• **ASSIGNMENT**
Your answer must be an exact copy of the records below, minus the pictures.
===== DATA SHOWN =====
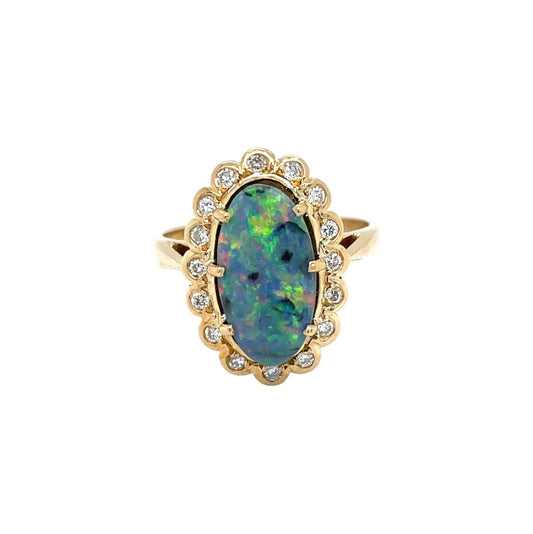 18ct Yellow Gold Opal & Diamond Cluster Ring (Q1/2)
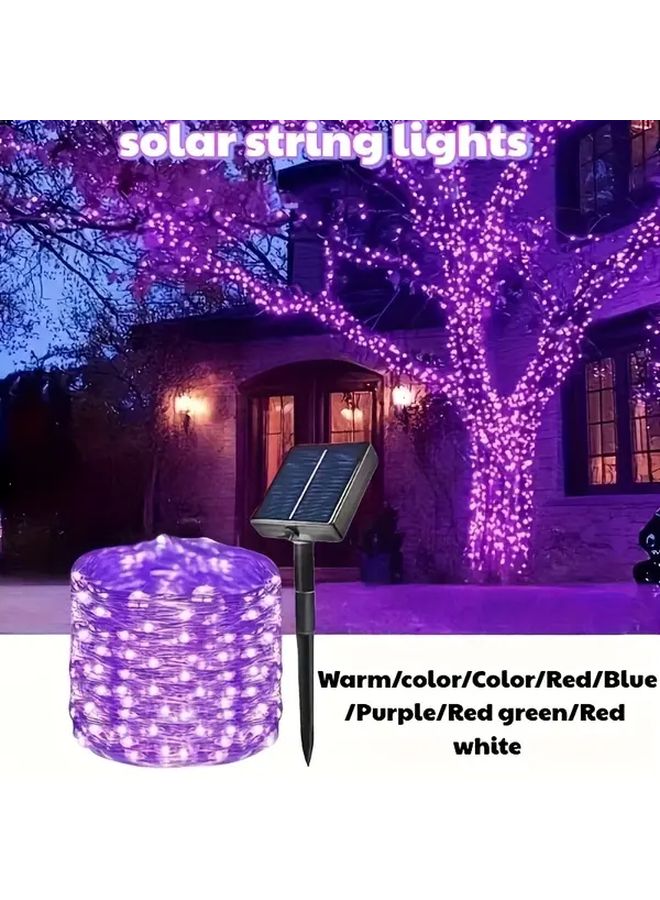 7M 50LED Purple Solar Fairy Lights Water Resistant IP54 Outdoor String For Garden - Image 2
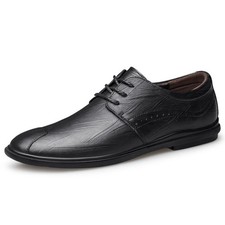 Men's Dress Shoes Handmade Lace Up Cow Leather Round Toe Business Casual Shoes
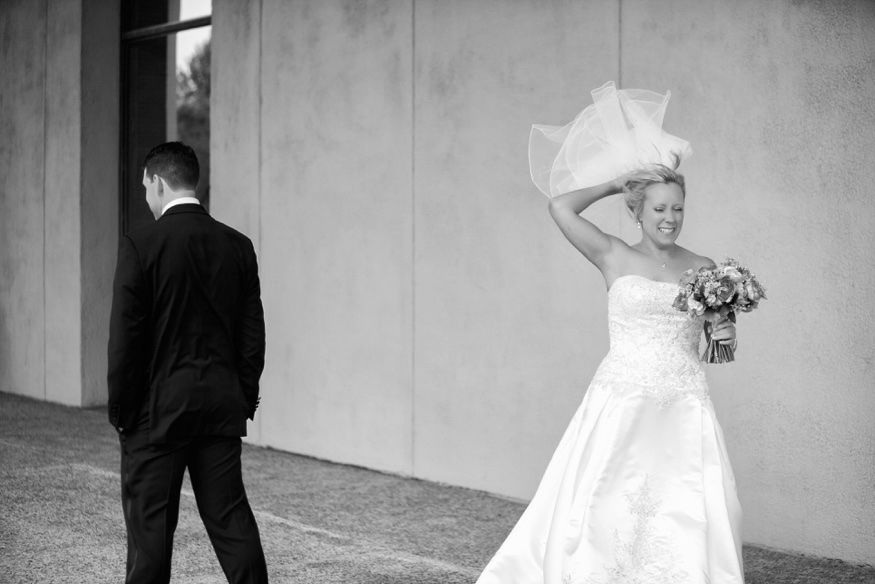 Bride and groom first meet before Olde Bar Philadelphia wedding.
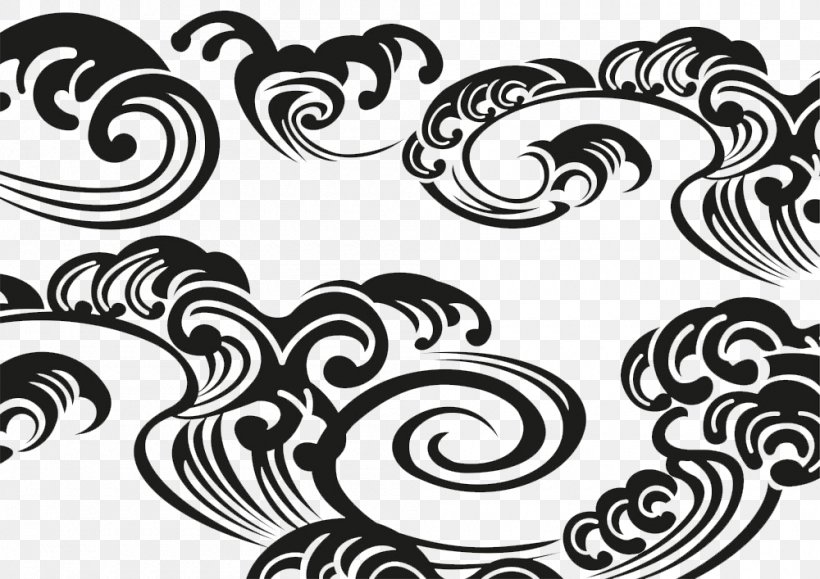 Wave Tattoo Tribe Euclidean Vector, PNG, 1000x707px, Wave, Art, Black And White, Drawing, Idea Download Free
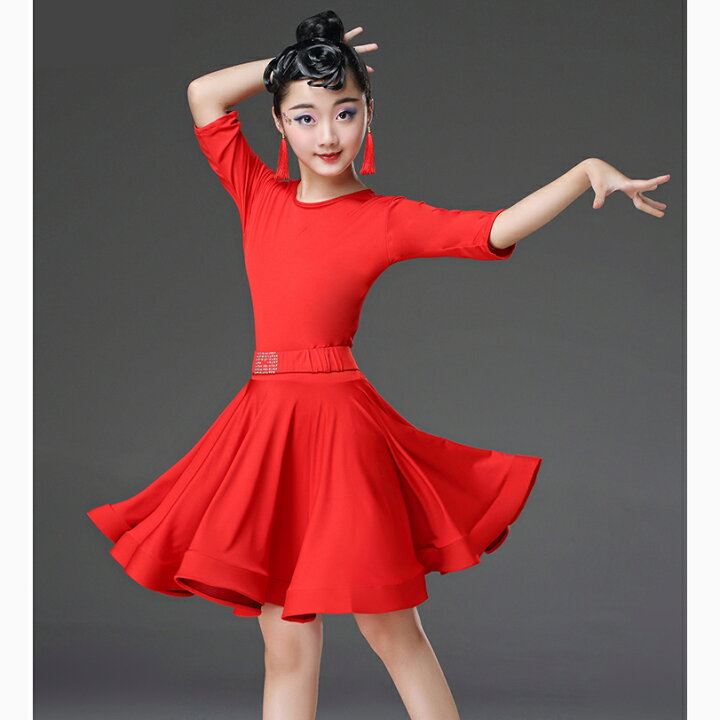 楽天市場】キッズ ワンピース ラテンダンス 社交ダンス 子供 華やか  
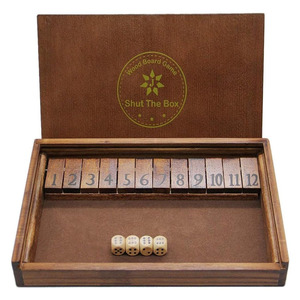 Chiudi la scatola gioco di dadi da tavolo in legno con 12 numeri e coperchio per bambini adulti famiglie, 2 giocatori e fino - Product Image 1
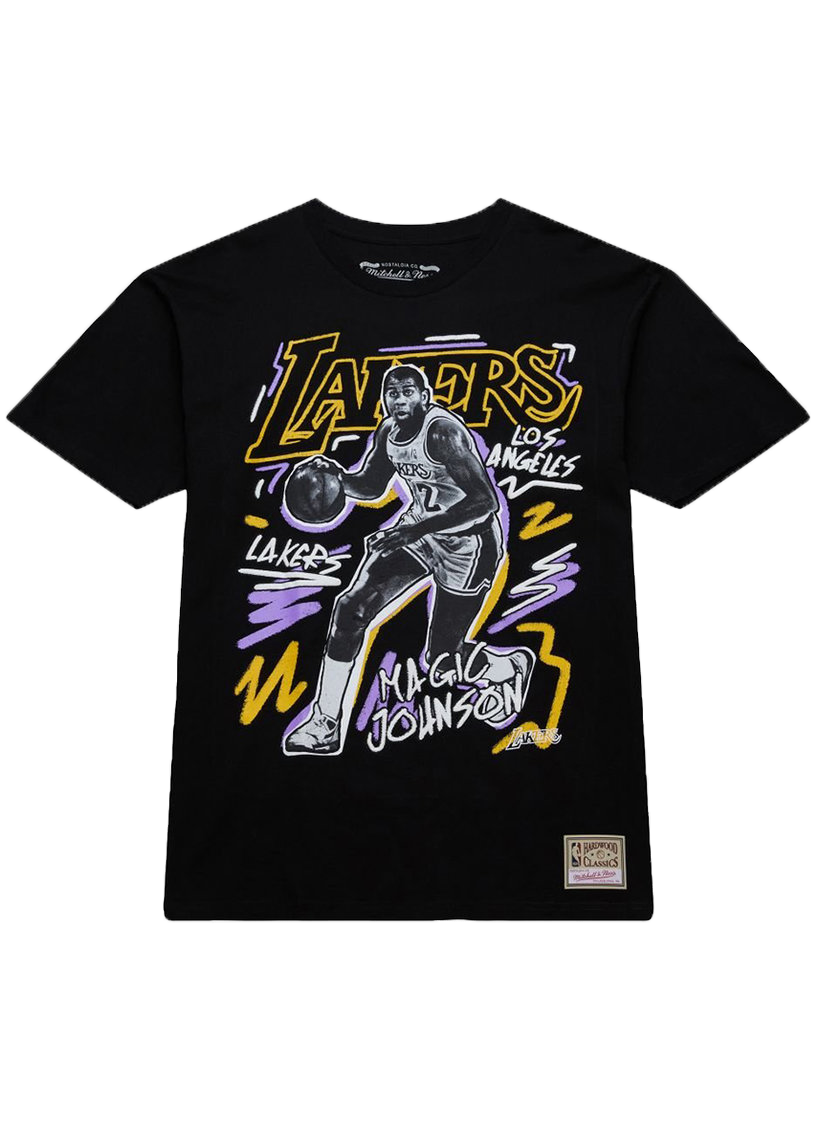 Mitchell &amp; Ness NBA Chalked Up Los Angeles Lakers Magic Johnson black tee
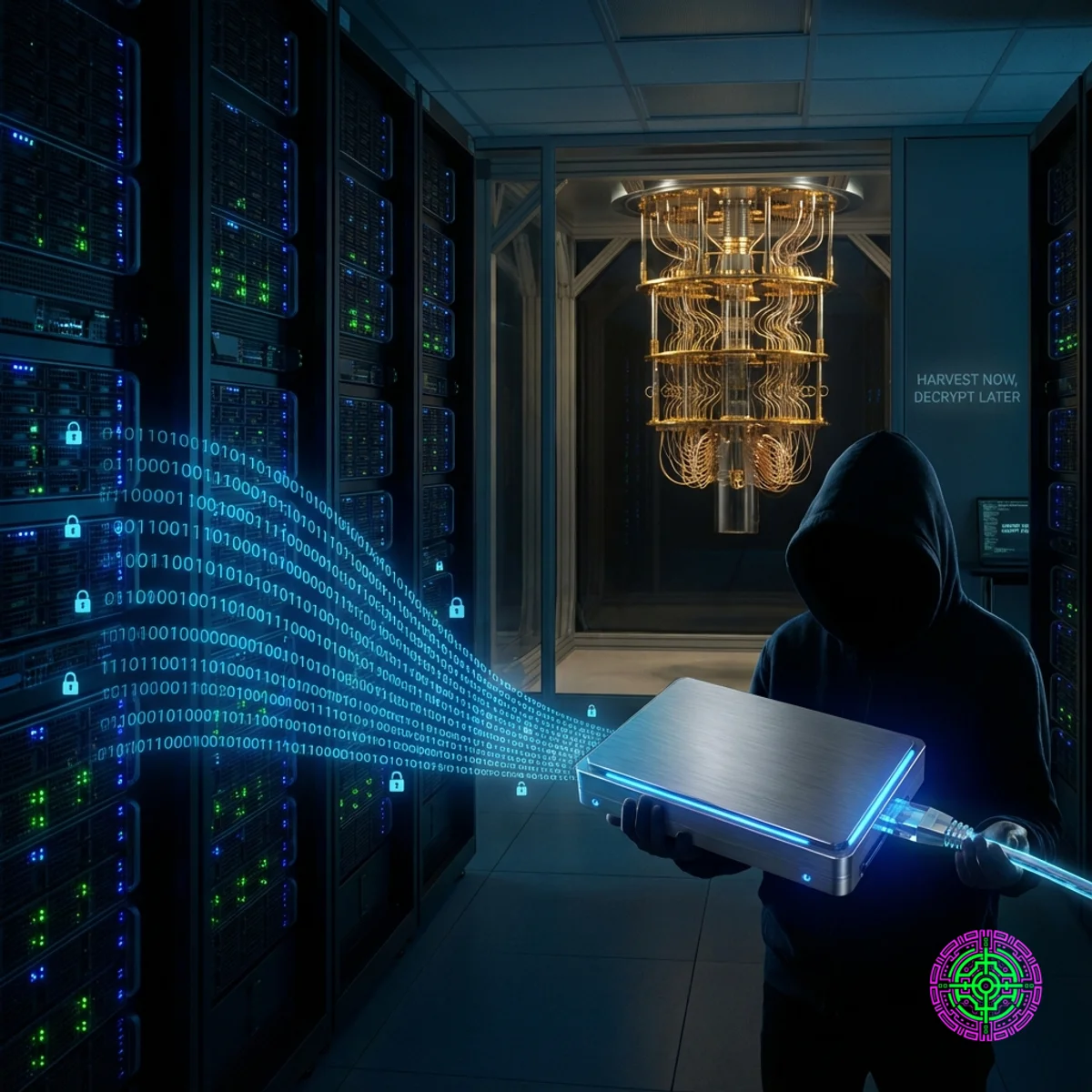 Eine Visualisierung eines dunklen Serverraums, in dem ein Hacker Daten auf ein leuchtendes Laufwerk überträgt, mit einem Quantencomputer-Kronleuchter im Hintergrund.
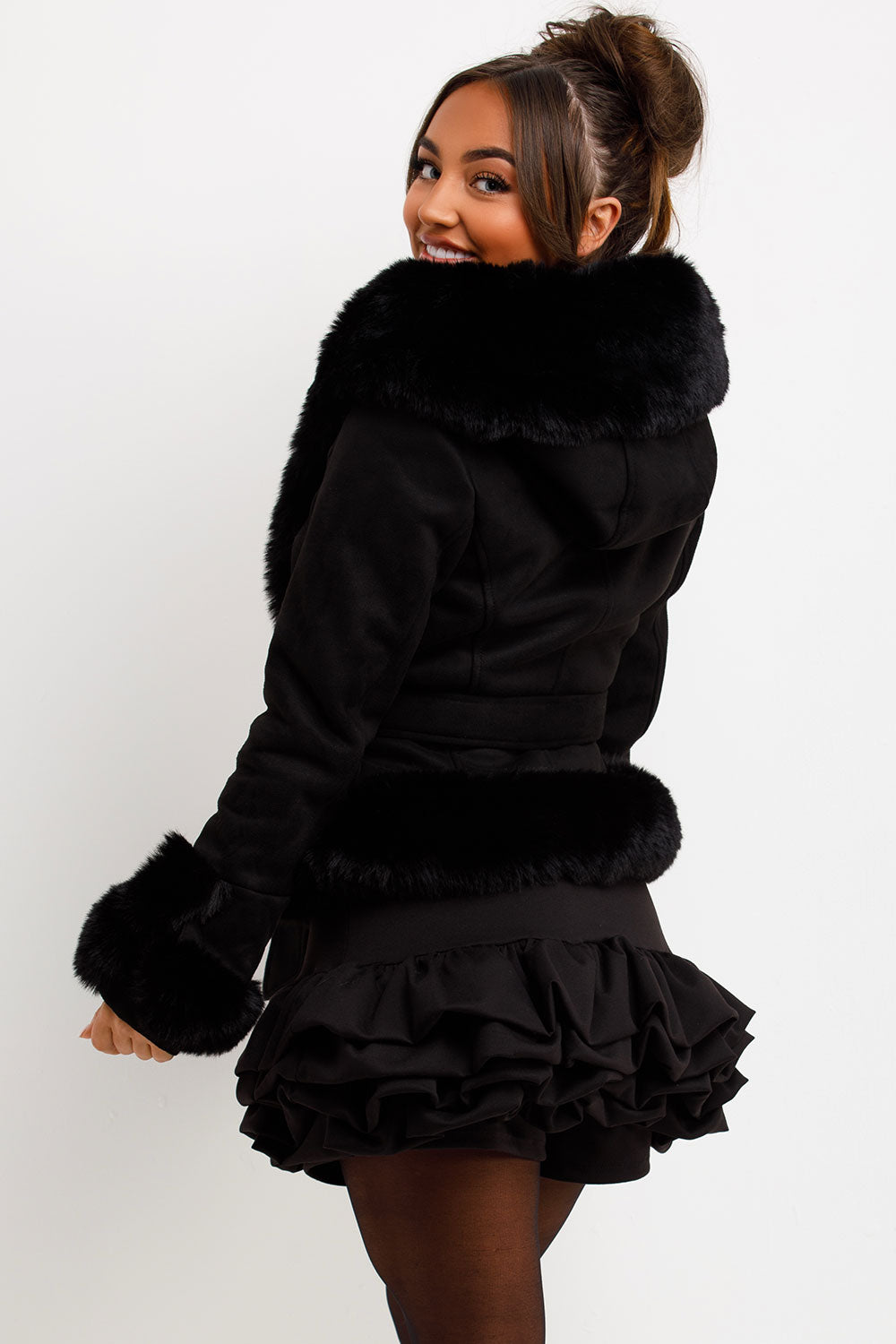 Faux Fur Faux Suede Jacket With Belt Black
=====
• **EXERCISE RESPONSE**
 18ct Yellow Gold Opal & Diamond Cluster Ring (Q1/2)
 7M 50LED Purple Solar Fairy Lights Water Resistant IP54 Outdoor String For Garden - Image 2
 Men's Dress Shoes Handmade Lace Up Cow Leather Round Toe Business Casual Shoes
 Bride and groom first meet before Olde Bar Philadelphia wedding.
 Wave Tattoo Tribe Euclidean Vector, PNG, 1000x707px, Wave, Art, Black And White, Drawing, Idea Download Free
 楽天市場】キッズ ワンピース ラテンダンス 社交ダンス 子供 華やか  
 Chiudi la scatola gioco di dadi da tavolo in legno con 12 numeri e coperchio per bambini adulti famiglie, 2 giocatori e fino - Product Image 1
 Mitchell &amp; Ness NBA Chalked Up Los Angeles Lakers Magic Johnson black tee
 Eine Visualisierung eines dunklen Serverraums, in dem ein Hacker Daten auf ein leuchtendes Laufwerk überträgt, mit einem Quantencomputer-Kronleuchter im Hintergrund.
 Faux Fur Faux Suede Jacket With Belt Black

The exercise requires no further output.